Die Kunstschaffenden kommen natürlich meist deshalb auf diese wenig erstaunliche Antwort, weil sie zum Zeitpunkt des Interviews in der Regel auf Promo-Tour sind. Für ihren aktuellen Tonträger, ihren neuen Film oder ihr jüngstes Buch.
Der Internaut ist hier zwar nicht auf Promo-Tour. Trotzdem aber darf ich sagen: Die Rathausgasse Bern ist eine meiner absoluten Lieblingsstrassen aus der Serie Starke Strecke, die heute übrigens in ihrer 49. Folge erscheint.
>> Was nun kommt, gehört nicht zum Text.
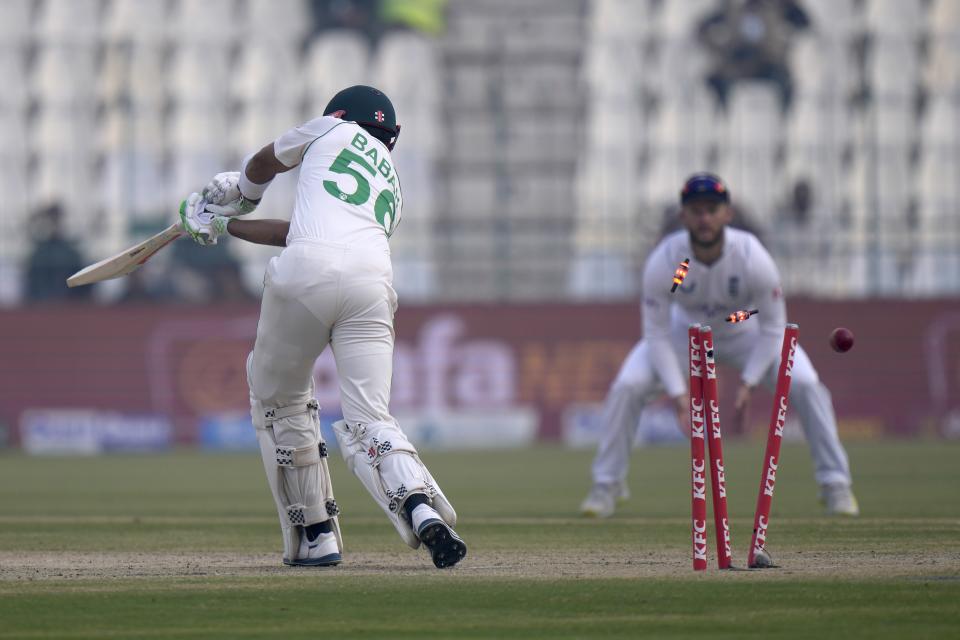 Pakistan Babar Azam is bowled out by England's Ollie Robinson during the second day of the second test cricket match between Pakistan and England, in Multan, Pakistan, Saturday, Dec. 10, 2022. (AP Photo/Anjum Naveed)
Rathausgasse Bern: Hier schnuppern, selber mehr sehen
Angetan hat es mir die Rathausgasse vor allem deshalb, weil sie so entspannt ist. Weil hier lokale und regionale Anbieter tatsächlich Trumpf sind. Und weil die Rathausgasse eine meiner wichtigsten Anforderungen mehr als erfüllt.
Alle, die hier hinkommen, können zwar meine Tipps abklappern. Aber darüber hinaus lassen sich viele weitere Entdeckungen machen.
Wobei die Rathausgasse nicht immer so hiess. Früher war dieser Strang als Metzgergasse bekannt. Ein Sündenpfuhl muss das gewesen sein, mit leichten Mädchen, die unter den Arkaden (oder «Lauben», wie man hier sagt) auf ihre Kunden warteten.
Von dieser Zeit des Rotlicht-Milieus erzählt eines der weniger bekannten Chansons des wohl bekanntesten Berner Troubadours: Mani Matter. In «Eisi» geht es um Liebe und um enttäuschte Liebe. Weil Liebe eben an der Metzgergasse oft nur eines war: Ein Geschäft. Apropos Geschäft: Noch ein Metzger ist übrig geblieben an der einstigen Metzgergasse.
Und apropos Mani Matter: Der Liedermacher, der so vielen späteren Musikern ein Idol war, hat seine eigenen 50 Strassenmeter just im Gebiet der Rathausgasse. Der «Mani-Matter-Stutz» führt am Ende der Strasse (oder am Anfang, je nachdem) Richtung Aare zur Brunngasshalde/Postgasshalde hinunter.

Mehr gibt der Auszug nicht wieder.